EIG-backed MidOcean Energy has struck a deal to buy Tokyo Gas’ stakes in four Australian LNG projects, for $2.15 billion in cash.
In particular, MidOcean will buy stakes in Gorgon LNG, Ichthys LNG, Pluto LNG and Queensland Curtis LNG. This will provide the EIG-backed company with 1 million tonnes per year of LNG net.
This is MidOcean’s first step in its efforts to become a pure play integrated LNG company. MidOcean expects the deal to close by mid-2023, while Tokyo Gas said it would come after March.
“The launch of MidOcean reflects our deep belief in LNG as a critical enabler of the energy transition and the growing importance of LNG as a geopolitically strategic energy resource,” said EIG chairman and CEO R Blair Thomas.
“We believe this transaction provides MidOcean with a foundational portfolio of cost-advantaged integrated LNG assets in a low-risk jurisdiction, ideally positioned to supply key customers in Japan, Asia and across the globe for decades to come.”
De la Rey Venter joined MidOcean as CEO in June this year, from Shell. Venter said the deal with Tokyo Gas was “the first step toward realising its vision to build a material pure play LNG business that we expect will support the world’s transition to a Net Zero future. We see a number of opportunities to further expand MidOcean’s position in supplying LNG markets around the world and look forward to working with our new partners and customers.”
Tokyo Gas has 5% in Pluto LNG, 1% in Gorgon LNG, 1.25% in QC LNG and 1.575% in Ichthys LNG.
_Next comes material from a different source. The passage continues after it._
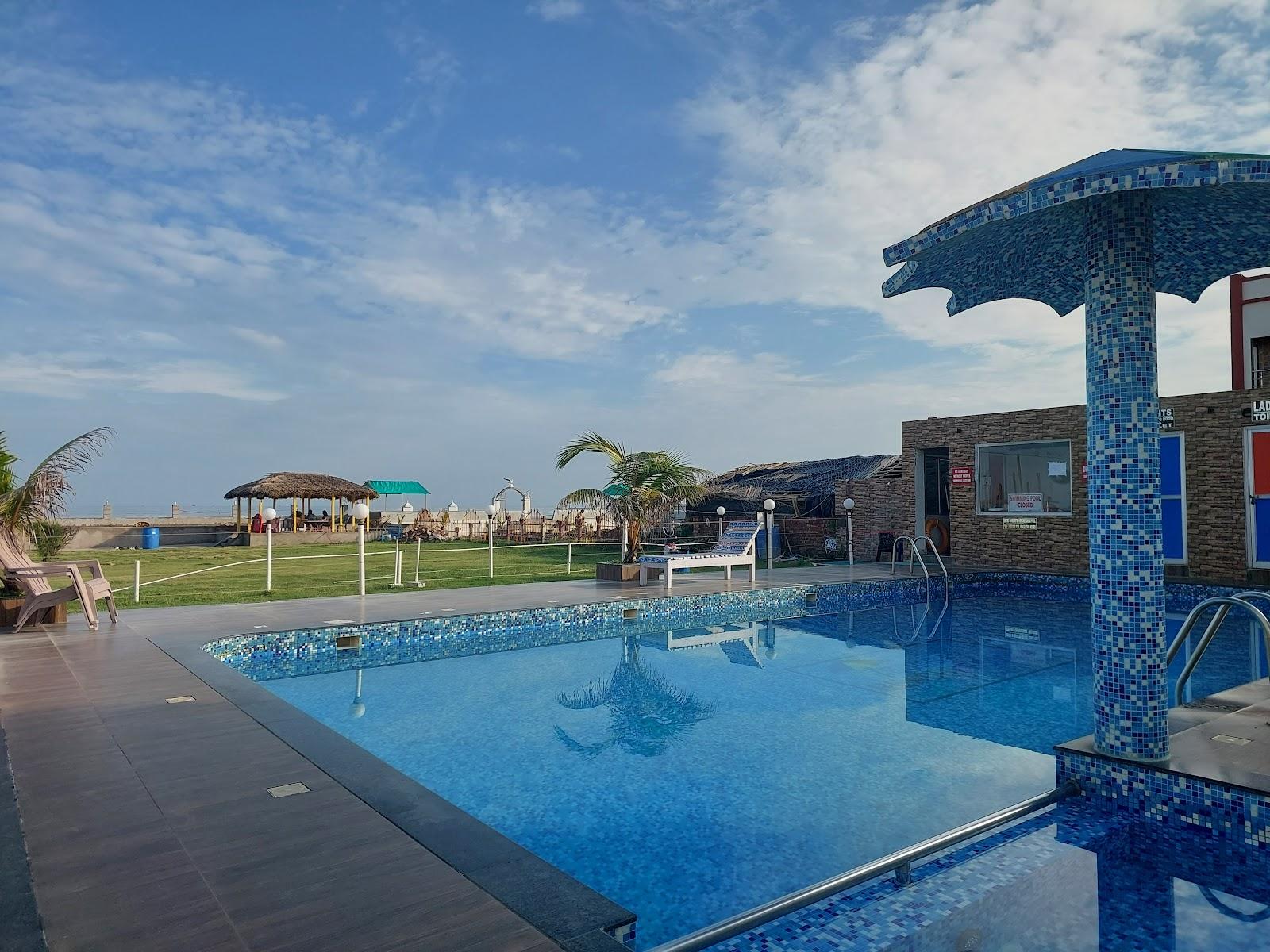 Bombay Beach Resort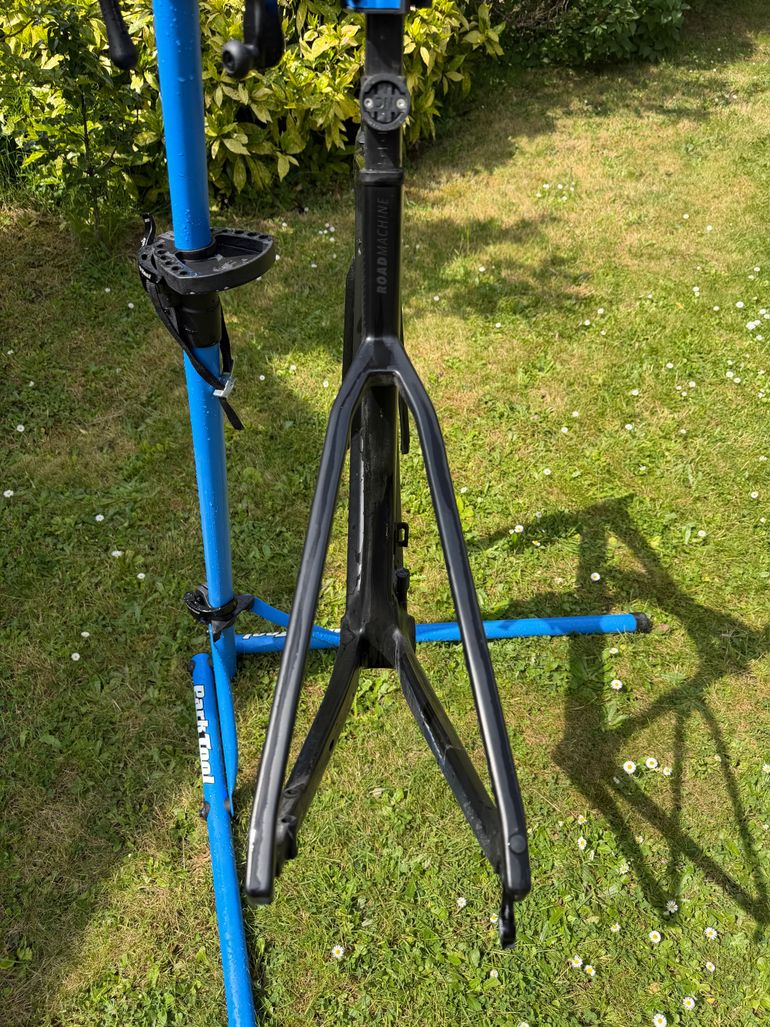 Used BMC Roadmachine 01 MOD P2P 2023 Frameset 2023 Road & Gravel — image 3 of 9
EIG bought into the GNL Quintero regas terminal in Chile under a deal announced in March this year.
On the compass
The deal will also support Tokyo Gas’ plans for the future, under its Compass 2030 project. This aims to achieve net zero by 2050.
Under Compass 2030, “our company will review its asset portfolio in order to allocate resources to growth areas. This transfer is based on this strategy,” the Japanese company said.
The deal does not include Tokyo Gas’ stake in Darwin LNG. The Japanese company said the sale would have no impact on its LNG procurement work.
Barrenjoey, Barclays and JP Morgan acted as EIG’s financial advisors in connection with this transaction and White & Case acted as EIG’s legal advisor.